Top of Supplied information

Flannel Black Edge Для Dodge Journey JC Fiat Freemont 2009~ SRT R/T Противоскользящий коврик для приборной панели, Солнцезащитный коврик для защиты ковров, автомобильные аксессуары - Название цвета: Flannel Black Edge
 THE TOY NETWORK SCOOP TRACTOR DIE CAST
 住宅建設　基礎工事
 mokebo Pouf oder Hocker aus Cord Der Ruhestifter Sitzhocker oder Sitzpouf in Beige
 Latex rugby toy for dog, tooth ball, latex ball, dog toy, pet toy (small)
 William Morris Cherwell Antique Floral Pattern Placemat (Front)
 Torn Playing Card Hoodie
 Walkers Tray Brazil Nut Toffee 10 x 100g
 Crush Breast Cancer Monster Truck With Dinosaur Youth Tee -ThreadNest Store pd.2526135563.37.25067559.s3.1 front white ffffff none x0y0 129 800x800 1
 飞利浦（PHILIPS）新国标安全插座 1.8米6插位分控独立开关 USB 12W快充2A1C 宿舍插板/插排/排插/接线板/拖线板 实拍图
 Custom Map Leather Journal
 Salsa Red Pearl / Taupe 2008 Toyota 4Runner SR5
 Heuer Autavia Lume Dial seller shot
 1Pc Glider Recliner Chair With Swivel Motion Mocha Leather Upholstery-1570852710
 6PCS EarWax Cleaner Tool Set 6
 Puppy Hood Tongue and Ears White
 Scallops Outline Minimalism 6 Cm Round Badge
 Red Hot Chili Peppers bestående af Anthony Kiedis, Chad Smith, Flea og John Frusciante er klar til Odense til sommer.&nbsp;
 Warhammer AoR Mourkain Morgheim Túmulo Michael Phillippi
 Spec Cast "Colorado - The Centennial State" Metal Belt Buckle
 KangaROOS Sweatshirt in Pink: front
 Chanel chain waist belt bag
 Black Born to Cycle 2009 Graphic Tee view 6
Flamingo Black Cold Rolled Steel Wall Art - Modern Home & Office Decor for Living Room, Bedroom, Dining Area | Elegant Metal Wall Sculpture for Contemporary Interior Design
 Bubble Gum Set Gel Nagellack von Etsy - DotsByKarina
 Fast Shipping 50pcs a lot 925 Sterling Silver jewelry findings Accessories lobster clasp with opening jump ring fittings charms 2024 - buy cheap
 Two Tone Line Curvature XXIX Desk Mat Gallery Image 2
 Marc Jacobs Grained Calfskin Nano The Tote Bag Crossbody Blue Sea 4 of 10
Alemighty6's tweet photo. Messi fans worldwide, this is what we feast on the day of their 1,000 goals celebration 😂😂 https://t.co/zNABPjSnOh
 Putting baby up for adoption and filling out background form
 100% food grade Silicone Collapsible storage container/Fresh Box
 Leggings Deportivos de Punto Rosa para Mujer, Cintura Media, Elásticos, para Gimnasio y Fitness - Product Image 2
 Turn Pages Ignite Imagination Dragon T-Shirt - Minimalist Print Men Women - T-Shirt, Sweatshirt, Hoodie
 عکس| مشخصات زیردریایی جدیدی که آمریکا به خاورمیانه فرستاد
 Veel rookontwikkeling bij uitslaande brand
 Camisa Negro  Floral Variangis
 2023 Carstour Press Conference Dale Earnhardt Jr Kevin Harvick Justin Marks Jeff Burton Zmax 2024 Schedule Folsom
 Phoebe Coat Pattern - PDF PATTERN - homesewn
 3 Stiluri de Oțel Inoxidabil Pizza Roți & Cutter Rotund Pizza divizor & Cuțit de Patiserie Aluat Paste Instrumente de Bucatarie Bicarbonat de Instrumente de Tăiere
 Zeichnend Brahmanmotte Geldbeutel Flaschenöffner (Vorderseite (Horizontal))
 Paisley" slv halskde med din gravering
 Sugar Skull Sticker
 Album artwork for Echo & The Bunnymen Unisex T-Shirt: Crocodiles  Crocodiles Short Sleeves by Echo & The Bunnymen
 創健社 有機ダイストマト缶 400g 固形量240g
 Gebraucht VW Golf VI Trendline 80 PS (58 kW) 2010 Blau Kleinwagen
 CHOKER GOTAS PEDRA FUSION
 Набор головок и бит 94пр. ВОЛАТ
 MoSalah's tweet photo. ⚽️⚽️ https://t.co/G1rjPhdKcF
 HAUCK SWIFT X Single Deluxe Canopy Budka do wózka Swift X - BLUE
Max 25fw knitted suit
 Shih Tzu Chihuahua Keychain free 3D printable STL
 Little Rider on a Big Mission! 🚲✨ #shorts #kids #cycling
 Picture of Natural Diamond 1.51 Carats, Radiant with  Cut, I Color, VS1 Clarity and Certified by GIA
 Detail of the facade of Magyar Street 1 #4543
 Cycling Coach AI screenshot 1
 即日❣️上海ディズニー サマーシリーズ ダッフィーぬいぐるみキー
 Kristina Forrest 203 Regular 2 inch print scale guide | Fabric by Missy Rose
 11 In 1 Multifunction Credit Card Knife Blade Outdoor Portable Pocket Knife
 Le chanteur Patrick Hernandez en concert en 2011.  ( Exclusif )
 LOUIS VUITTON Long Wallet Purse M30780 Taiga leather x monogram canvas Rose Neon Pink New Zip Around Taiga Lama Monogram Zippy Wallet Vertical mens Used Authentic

Bottom of Supplied information

▶ _Task brief_: Only the lines from the top of the data through the line that contains "Scallops Outline Minimalism 6 Cm Round Badge" should be quoted, exactly as they stand.

▶ _Solution to the problem_:
Flannel Black Edge Для Dodge Journey JC Fiat Freemont 2009~ SRT R/T Противоскользящий коврик для приборной панели, Солнцезащитный коврик для защиты ковров, автомобильные аксессуары - Название цвета: Flannel Black Edge
 THE TOY NETWORK SCOOP TRACTOR DIE CAST
 住宅建設　基礎工事
 mokebo Pouf oder Hocker aus Cord Der Ruhestifter Sitzhocker oder Sitzpouf in Beige
 Latex rugby toy for dog, tooth ball, latex ball, dog toy, pet toy (small)
 William Morris Cherwell Antique Floral Pattern Placemat (Front)
 Torn Playing Card Hoodie
 Walkers Tray Brazil Nut Toffee 10 x 100g
 Crush Breast Cancer Monster Truck With Dinosaur Youth Tee -ThreadNest Store pd.2526135563.37.25067559.s3.1 front white ffffff none x0y0 129 800x800 1
 飞利浦（PHILIPS）新国标安全插座 1.8米6插位分控独立开关 USB 12W快充2A1C 宿舍插板/插排/排插/接线板/拖线板 实拍图
 Custom Map Leather Journal
 Salsa Red Pearl / Taupe 2008 Toyota 4Runner SR5
 Heuer Autavia Lume Dial seller shot
 1Pc Glider Recliner Chair With Swivel Motion Mocha Leather Upholstery-1570852710
 6PCS EarWax Cleaner Tool Set 6
 Puppy Hood Tongue and Ears White
 Scallops Outline Minimalism 6 Cm Round Badge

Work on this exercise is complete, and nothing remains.